Segundo a principal responsável pela investigação, a procuradora-geral adjunta e directora do DCIAP, Cândida Almeida, um dos principais motivos que explicam a lentidão deste processo de suspeita de corrupção no licenciamento do Freeport, que se arrasta há cinco anos, é a complexidade relacionada com a identificação dos percursos dos fluxos financeiros pertencentes ao complexo comercial em Alcochete. As diligências que faltam em Portugal estão precisamente ligadas ao esclarecimento sobre esses movimentos financeiros, motivo que já levou, por diversas vezes, os inspectores da Polícia Judiciária de Setúbal e os procuradores do Ministério Público a Londres. Os procuradores titulares deste processo, Paes de Faria e Vítor Magalhães, aguardam ainda elementos sobre a circulação do dinheiro, que foram solicitados às autoridades britânicas.O encerramento do processo em Inglaterra foi decidido pelo Serious Fraud Office (SFO) e pela Overseas Anti-Corruption Unit que, num comunicado divulgado ontem, informa que a investigação, apoiada pela Polícia de Londres, "foi encerrada". No mesmo comunicado, a SFO compromete-se, no entanto, "a continuar a dar assistência que for requerida pelas autoridades portuguesas através de assistência legal mútua".

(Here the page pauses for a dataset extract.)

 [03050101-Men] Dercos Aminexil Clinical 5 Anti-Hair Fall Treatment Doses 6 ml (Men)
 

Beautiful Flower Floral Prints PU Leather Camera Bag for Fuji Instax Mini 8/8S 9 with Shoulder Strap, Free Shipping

Foi a primeira vez que esta agência governamental britânica, que investiga os casos de fraudes financeiras complexas, se referiu publicamente ao caso Freeport. O principal arguido do processo, Charles Smith, que esteve envolvido no licenciamento do Freeport, terá já sido informado de que a sua inquirição marcada para Dezembro em Londres foi cancelada. Além de Smith, estavam a ser investigados pelo SFO, Sean Collidge, ex-presidente do grupo Freeport, os antigos administradores Gary Russell, Jonathan Rawnsley e Rick Dattani e o consultor William Mckinney Junior. Não foram reunidos elementos suficientes para os incriminar neste processo. Em Portugal, são arguidos, além de Charles Smith, Carlos Guerra (ex-presidente do Instituto da Conservação da Natureza), José Dias Inocêncio (antigo presidente da Câmara de Alcochete), José Manuel Marques (antigo assessor da autarquia), Manuel Pedro (sócio de Charles Smith na empresa Smith & Pedro) e Eduardo Capinha Lopes (responsável pelo projecto de arquitectura).

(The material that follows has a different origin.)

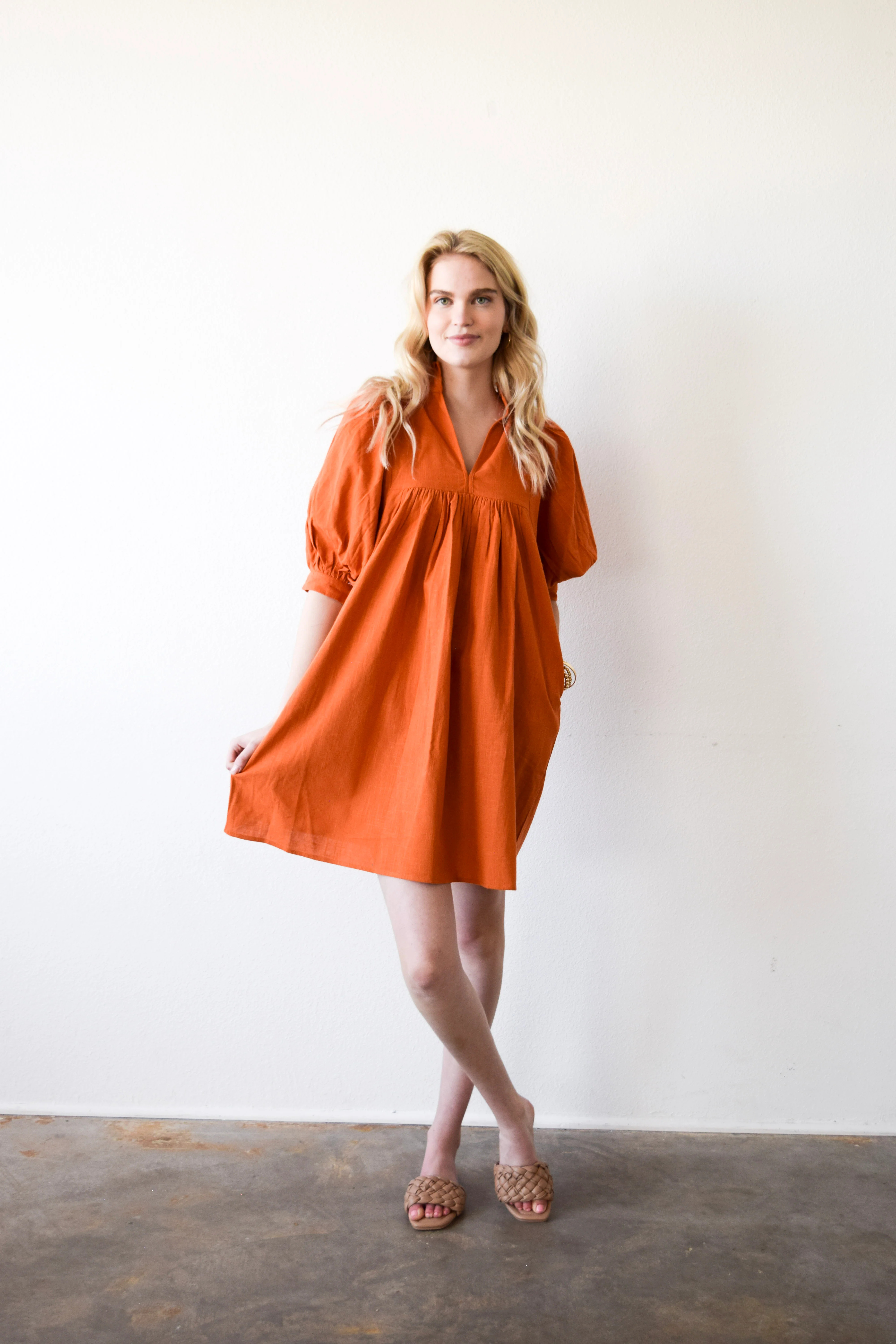 High Neck Dress Tangerine Woven | Never A Wallflower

Paralelamente, terminaram também já as inquirições no âmbito do processo disciplinar ao presidente do Eurojust (organismo europeu de cooperação judiciária), Lopes da Mota, acusado de pressionar os procuradores do processo para o arquivar.
É o desfecho natural de um processo que tem uma marca essencialmente política e que, portanto, cumpriu a sua função, que mais não foi do que introduzir elementos novos (perturbadores), que são vantajosos para uns e prejudiciais para outros, no debate político, ou melhor, na luta pelo poder.

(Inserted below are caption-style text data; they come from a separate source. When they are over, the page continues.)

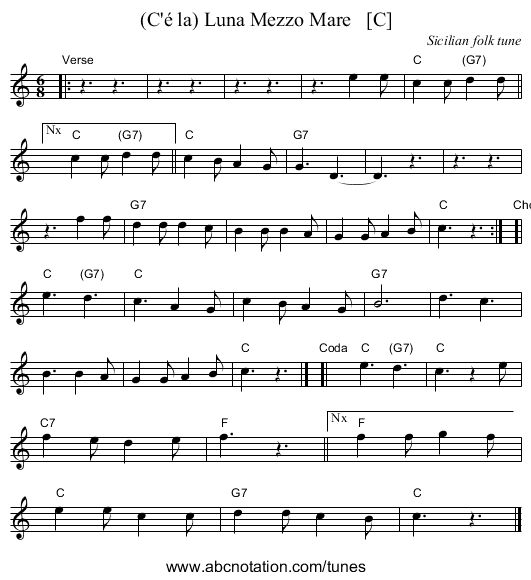 (C'&eacute; la) Luna Mezzo Mare   [C] - staff notation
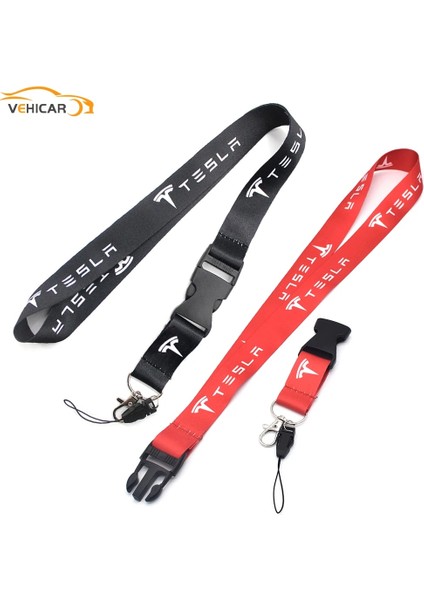 Tesla Kırmızısı Vehıcar Araba Ipi Boyun Askıları Tesla Oto Araç Aksesuar Kımlığı Sahipleri Telefon Anahtarlık Anahtarlık Ipi Anti-Kayıp (Yurt Dışından) fırsatları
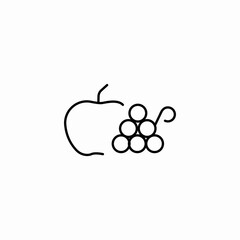 apple grapes fruit icon sign vector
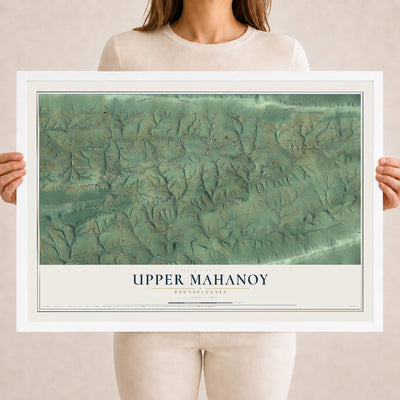 Map of Upper Mahanoy, Pennsylvania, 18 x 24 inch print in a white wood frame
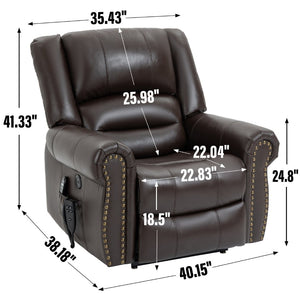 English Elm Power Lift Recliner with Dual Motor Heat Massage Faux Leather Chair for Living Room W1803S00016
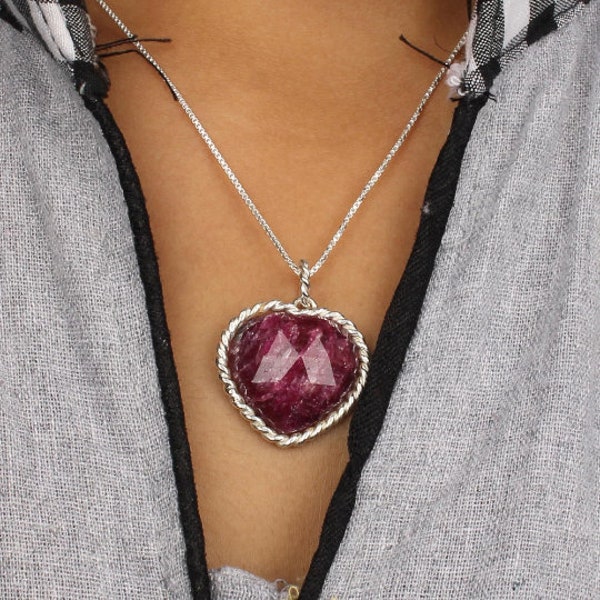 Ruby Corundum Heart Pendant Necklace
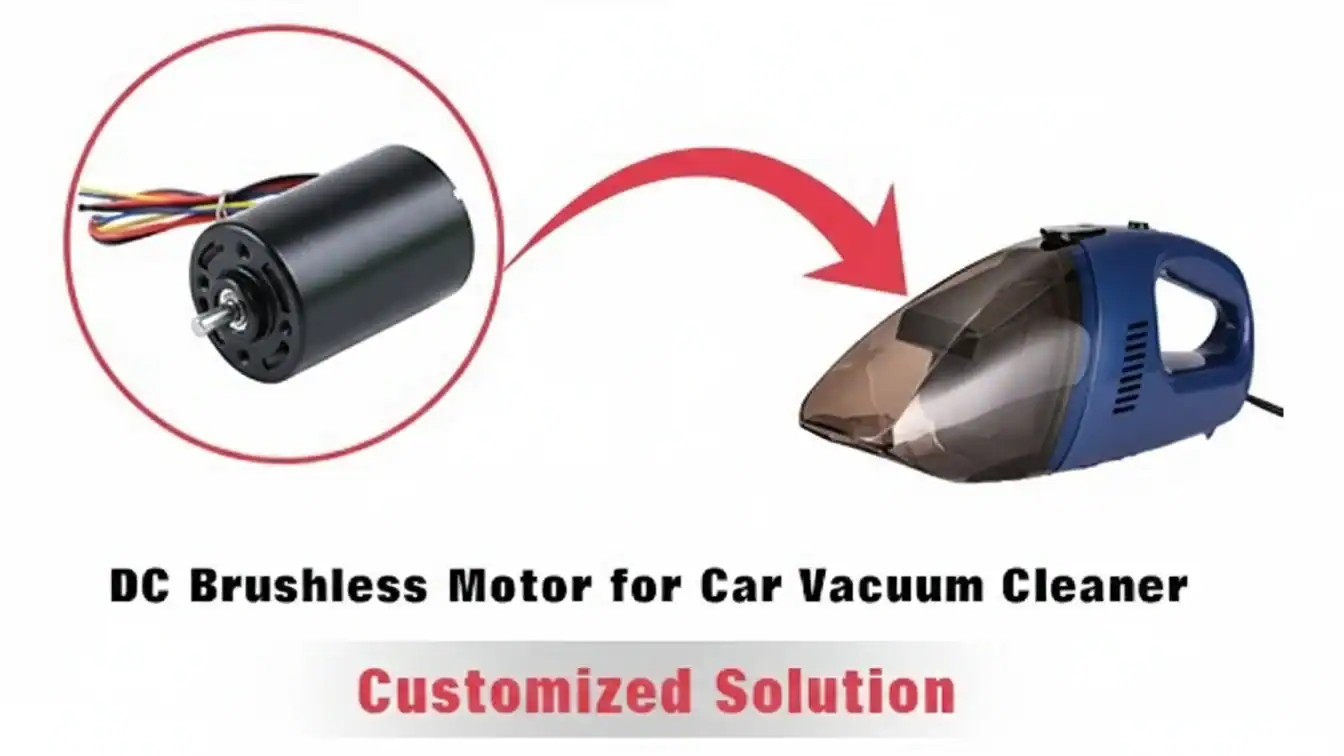 Die Abbildung zeigt einen bürstenlosen Gleichstrommotor, der mit einem Autostaubsauger verbunden ist, was auf eine maßgeschneiderte Lösung für Fahrzeugreinigungsgeräte hinweist.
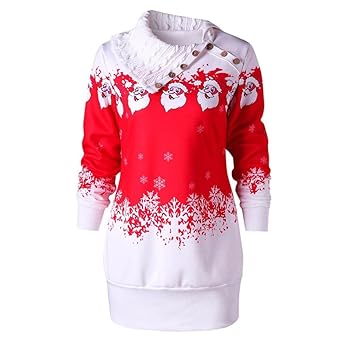 Btruely Weihnachtskleid Damen Sweatshirt Christmas Kleider Langarmshirt Xmas Elch Gedruckt Kleid A-Line Swing Kleid Abendklei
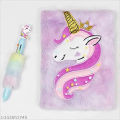 Unicorn Cute Fur Notebook Diary with Combo Furry Pen for Girls Birthday Party Return Gifts Purposes to Loved One.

É por demais óbvio que as autoridades policiais sabem hoje tudo sobre o percurso dos dinheiros, ou não tenham as policias um elevadíssimo nível de perfeição quando se trata de apurar coisas importantes. Só que o que move estes processos não é, por regra, o interesse na descoberta da verdade, visando uma incriminação, mas o ajuste das pedras no jogo do poder.
Aquilo que é crime, quando o arguido é um cidadão vulgar, deixa de o ser - às vezes até é virtude - quando se lida com um agente político ou económico de peso, jogando-se noutro tabuleiro com outras contrapartidas.
Tudo isto teve o seu auge, afinal, quando os homens da CIA compraram o outlet e apareceram, como ingénuos, a dizer que faltava dinheiro. Por acaso, o governo até mudou de opinião relativamente à localização do aeroporto, depois de se ter dado como certo que ele seria na Ota e não em Alcochete.
Faltam muitas peças para compor o puzzle.
Mas este jogo é outro, claramente.

1 comentário:

Duarte Nuno disse...

Meu caro Miguel Reis
A clareza e qualidade dos textos publicados no Blog são de enorme importância, em contraste com declarações de penalias promovidos pela comunicação social, em especialistas nestas matérias, que mais tarde se verifica corresponderem a orientações partidárias.